Regarding the Arabic language, there are few works. For instance, Al-Taani et al. [1] proposed an Arabic Numerals Checker based on finite state transducers (FSTs) to represent numerals and the transformation process. More precisely, the system concentrates only on how to transform a particular number from a string of digits into a multiword format in Arabic language, taking into consideration the gender of the counted object. However, to our knowledge, there is no work for transforming Arabic numerals into digits, which we consider a complex and important point.

Therefore, in this work, we will discuss the difficulties associated with the transformation of Arabic numerals into digits and provide an approach that can deal with them. In fact, there are many problems when writing the numbers as words, especially involving spelling errors; the errors can occur due to deleted, inserted, substituted, and transposed characters, such as “.” Also, numbers may be written in more than one format representing the same number. For instance, the following two formats “” represent the number (223).

After that, we will use the proposed approach for building an Android application as an educational Abacus program for children. This application will help children to develop skills about Abacus, numbers, counting, and to have practice in translating abacus configurations into Arabic numerals and vice versa.

There are many fields in which numbers are written as textual numbers. For instance, in the land department, land space and borders on both sides are written as words and as digits. Hence, the proposed work could be used for automatic validation and for checking the mismatch of the entered number as a word and the digit number. The same thing could be applied for financial transactions (such as in the trading business and in banking), when dealing with checks. Other applications can benefit from this work in searching operations by extracting the numbers in a document that are written as a string of words and converting them to digits.

The rest of this paper is organized as follows. Section 2 is dedicated to related works. Section 3 discusses the difficulties in the transformation process and presents the proposed approach. The dataset as well as the experimental results are presented in Section 4. Section 5 introduces the implementation of the Abacus system. We conclude in Section 6.

2 Related Works

Many authors have proposed works for spatial representation and transcoding of numbers. Most of them have focused on out-of-context number conversion; in other words, converting text numbers into digits and vice versa. Some works provide representations and analyses for numerals in various languages (Swedish, English, French, and German), and they suggest “deep structure” rules for converting numerals into digit representation and vice versa. For instance, the following are some of these rules used for English [20]:

Fusion rules: in this step, count the number of digits and divide them into a three-group string from right to left; then, identify the position word as in a hundred that is inserted after position 3.
Lexical rules: identify numerals and substitute the suitable texts for them (e.g. 2→twen/+ty|two).

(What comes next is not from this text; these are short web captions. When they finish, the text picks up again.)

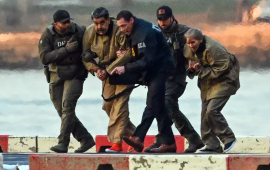 Maduro məhkəmədə bu s&ouml;zləri dedi 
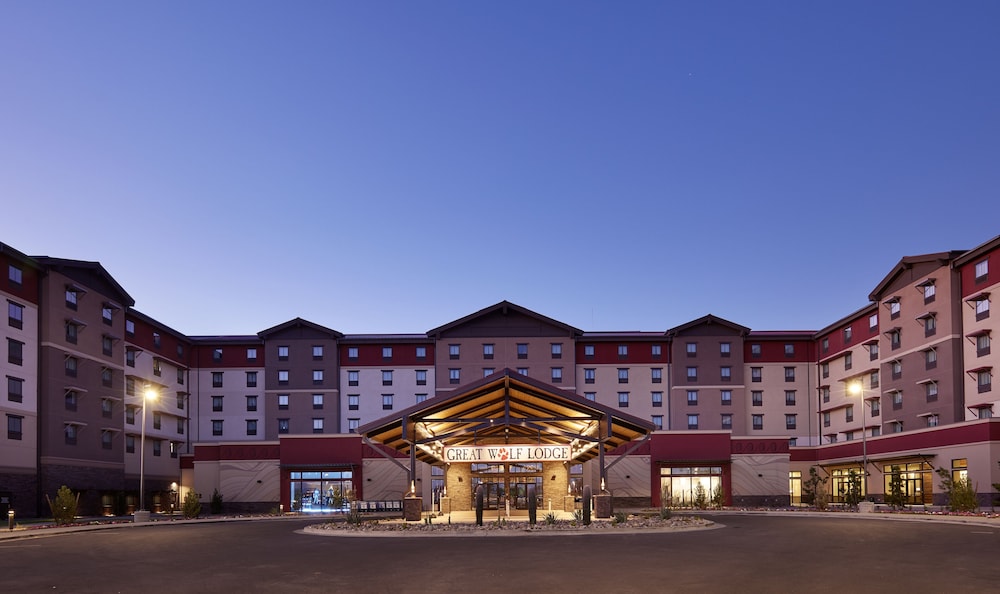 Great Wolf Lodge Arizona 4/61
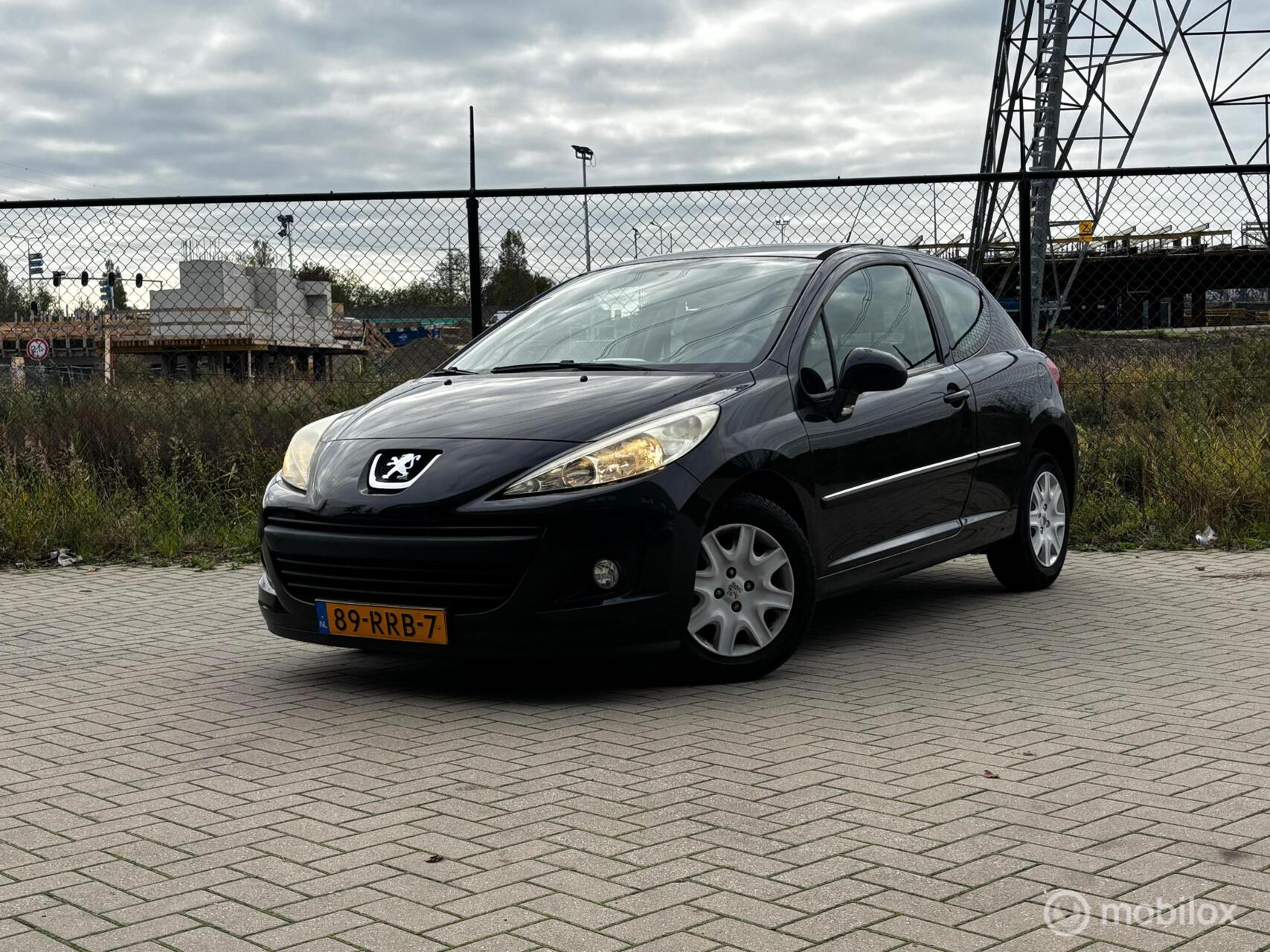 Foto van PEUGEOT 207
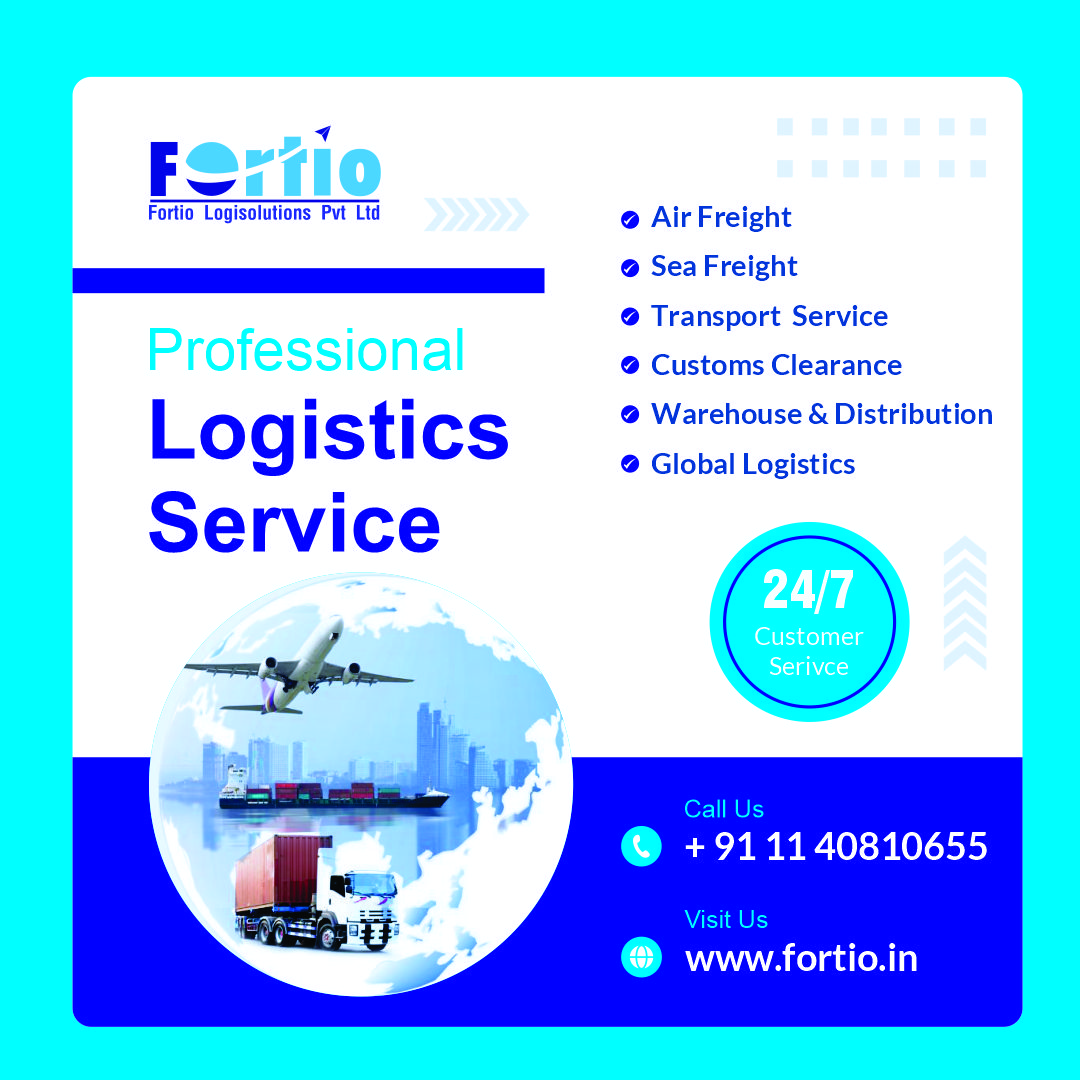 AIR IMPORT AGENCY IN  SOUTH DELHI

Other approaches [6, 13, 14, 16, 17, 19] have focused on a model that converts from text format into digit format and vice versa. For example, “six thousand four hundred thirty-five”→6000 400 30 5” or 116→“one hundred plus sixteen.” McCloskey et al. [13, 14] proposed a “numerical transcoding” method based on an “abstract internal representation” of numbers, and it is accomplished by two stages: perception and production. The perception process converts the input form into an internal semantic representation, while the production process converts the semantic representation into numeral form. Both perception and production contain components for lexical and syntactic numerical elements. For example, for the numeral text “nine thousand three hundred ten,” the lexical and semantic numerical element forms are as follows:

nine; thousand; three; hundred; ten

The internal semantic representation is

{9}10EXP3; {3}10EXP2; {10}10EXP1

Then, take the individual numbers:

{9}; {3}; {10}

Finally, produce the result as 9310.

McCloskey et al. [14] proposed a structure for the number-production lexicon called the McCloskey model; this model can be placed within the context of a procedurally explicit model of the number-reading process. When a number is read, a number-production syntax device generates a syntactic frame based on number and digits. For example, for the number 4765, the syntactic frame would take the form

The T and H represent instructions for retrieving the phonological forms and the syntactic value /thousand/ and /hundred/; thereafter, producing a number involves successive retrieval of the phonological forms specified by the filled syntactic frame:

/four/ /thousand/ /seven/ /hundred/ /sixty/ /five/

Deloche and Xavier [6] proposed an alternative model instead of using the McCloskey theory; they provided the asemantic procedure in order to perform the transcoding process. The proposed approach drives a verbal numeral from an Arabic numeral, or vice versa, directly without using an abstract internal representation of the number. This is achieved by tracing the following steps to produce a number in a text format. In the first step, divide the digit number into triples from right to left. In the second step, group the result using punctuation marks, transform the leftmost groups into a three-digit frames, and fill empty positions with zero if the group is filled by one or two digits. In the third step, apply a set of rules to produce the first words of verbal numeral. For instance, the number 11,245 is transformed as follows. First, divide it into two groups, 11 and 245. Second, group them by parenthesis as (011) (245). Then, apply a set of rules that produce the words: (011)→eleven thousand and (245)→two hundred and forty-five. Finally, the produced result is eleven thousand and two hundred and forty-five. This approach did not gain accepted results as it fails to be extended to large numbers.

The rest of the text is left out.